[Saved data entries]

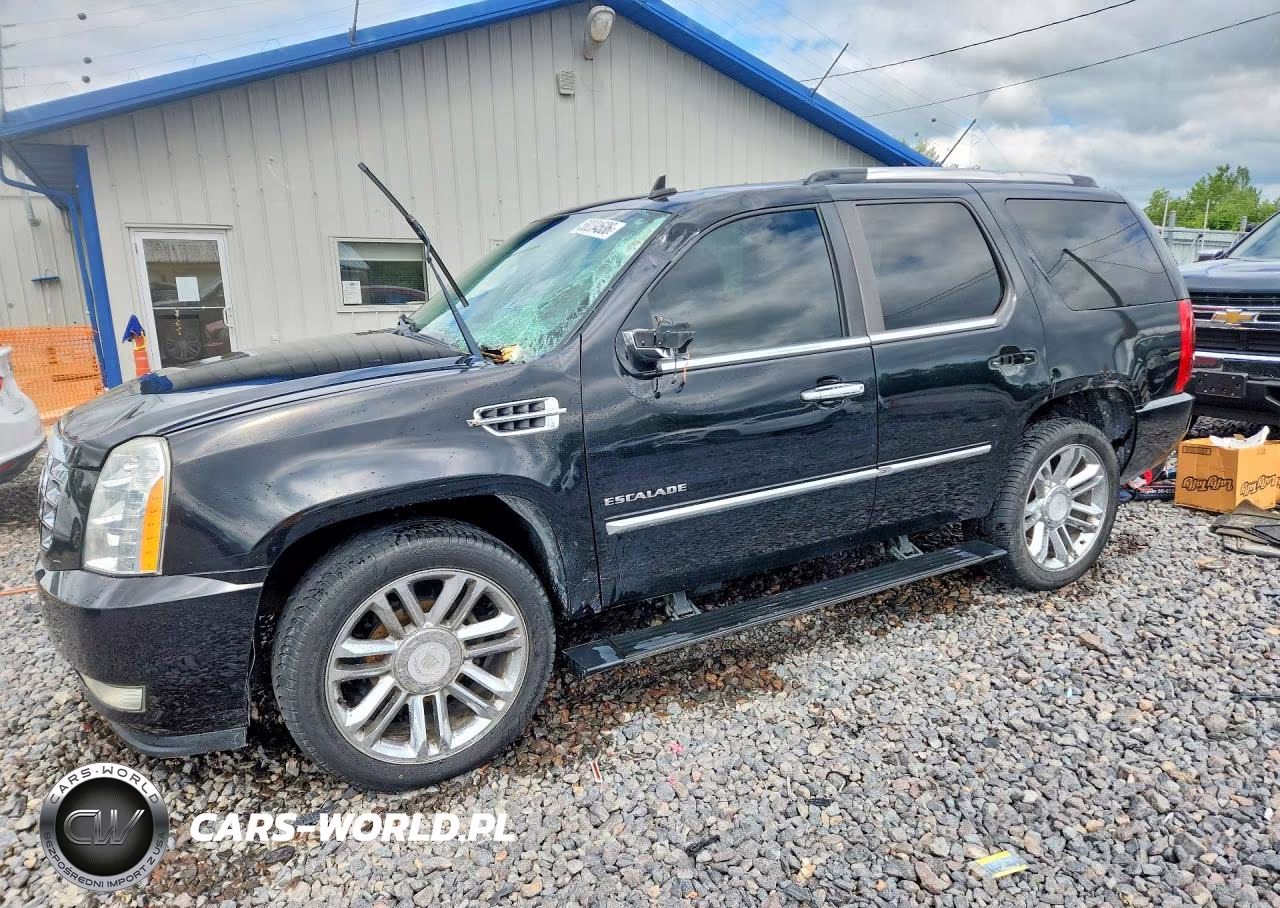 2010 Cadillac Escalade Premium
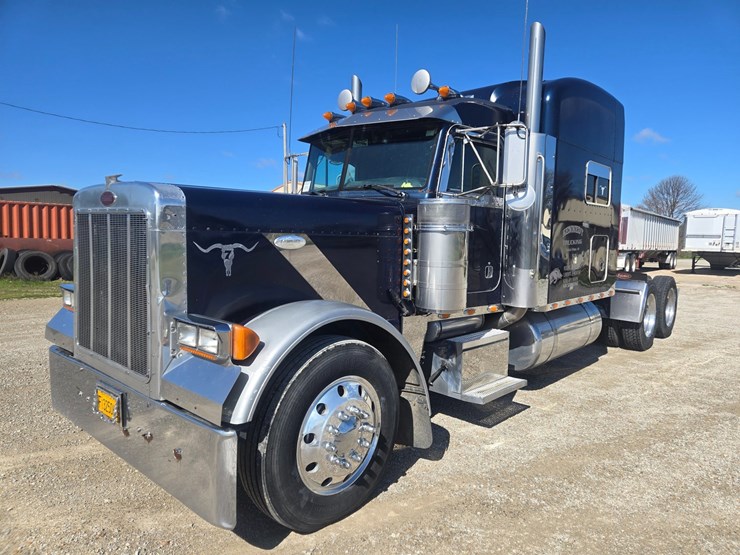 2005-peterbilt-379-image-2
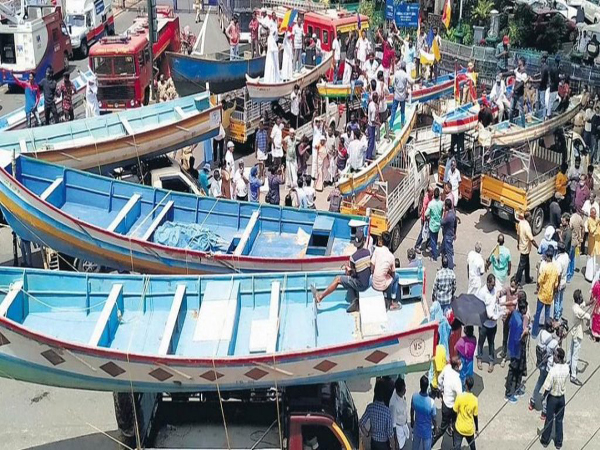 വിഴിഞ്ഞം സമരം പതിനാലാം ദിവസത്തിലേക്ക്: മത്സ്യത്തൊഴിലാളികള്‍ ഇന്ന് തുറമുഖം വളയും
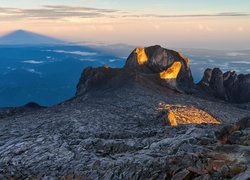 Szczyty gór w Parku Narodowym Kinabalu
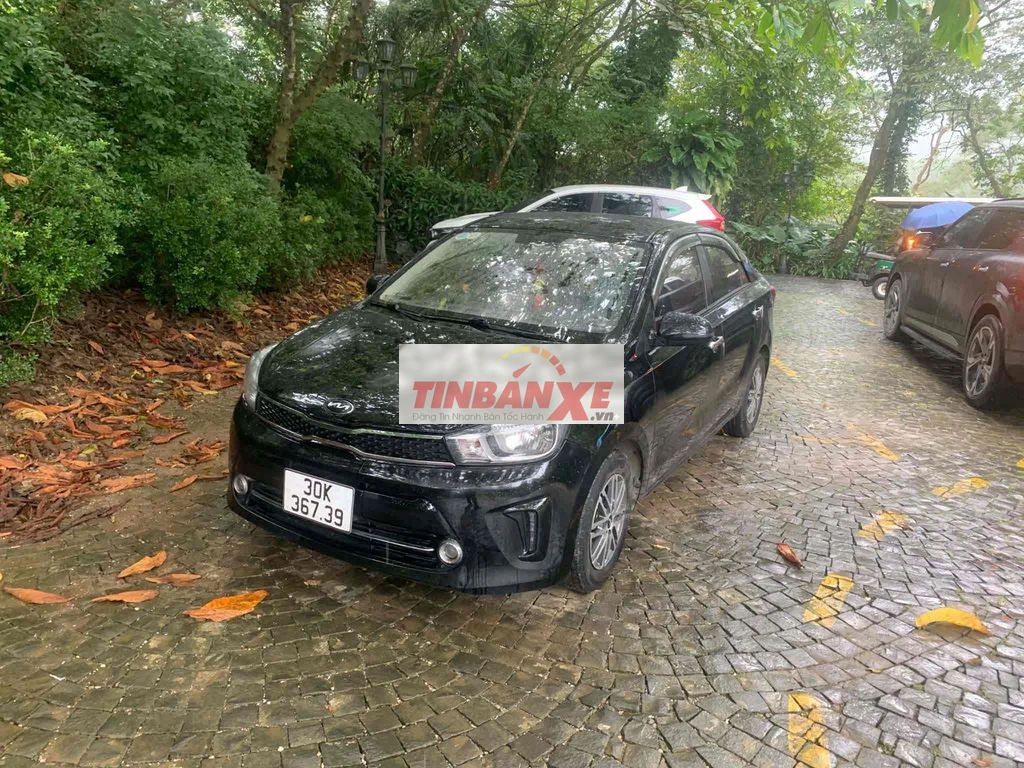 Kia Soluto màu Đen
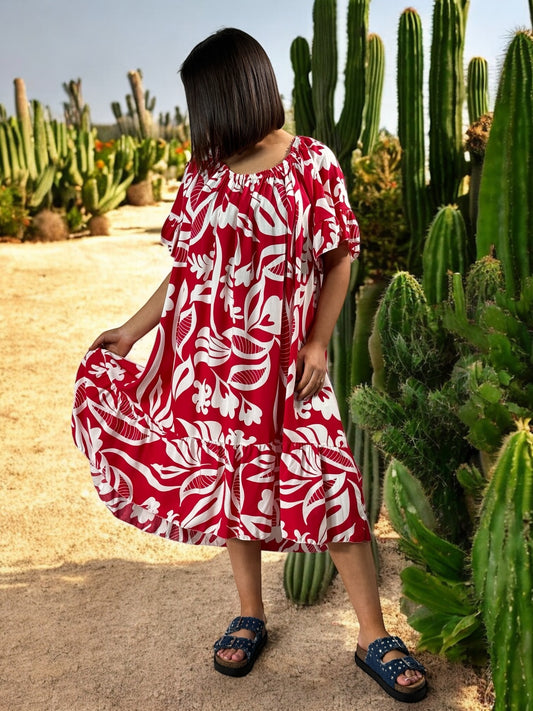 BANDOL - ROBE OVERSIZE  ROUGE A MOTIF JUSQU'A LA TAILLE 56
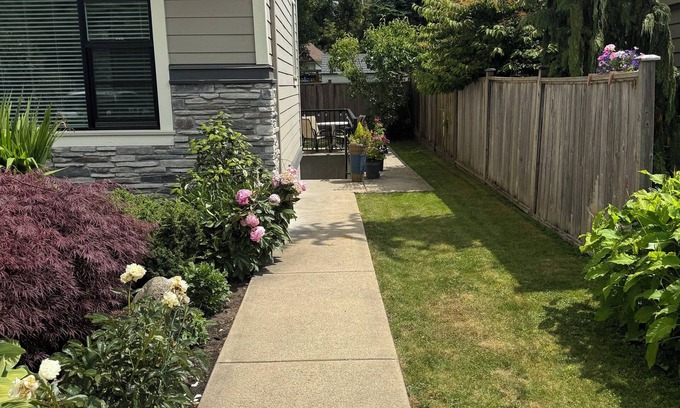 Lynn Valley Casa | Cozy 2 bedroom basement suite in North Vancouver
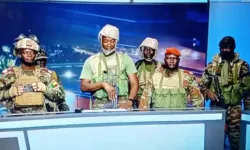 Askerler darbeyi canlı yayında duyurdu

**PROBLEM STATEMENT:** Final stretch of the data: repeat exactly each line from the one containing "BANDOL - ROBE" through the last, and omit all pictures.

**TASK RESULT:**
 BANDOL - ROBE OVERSIZE  ROUGE A MOTIF JUSQU'A LA TAILLE 56
 Lynn Valley Casa | Cozy 2 bedroom basement suite in North Vancouver
 Askerler darbeyi canlı yayında duyurdu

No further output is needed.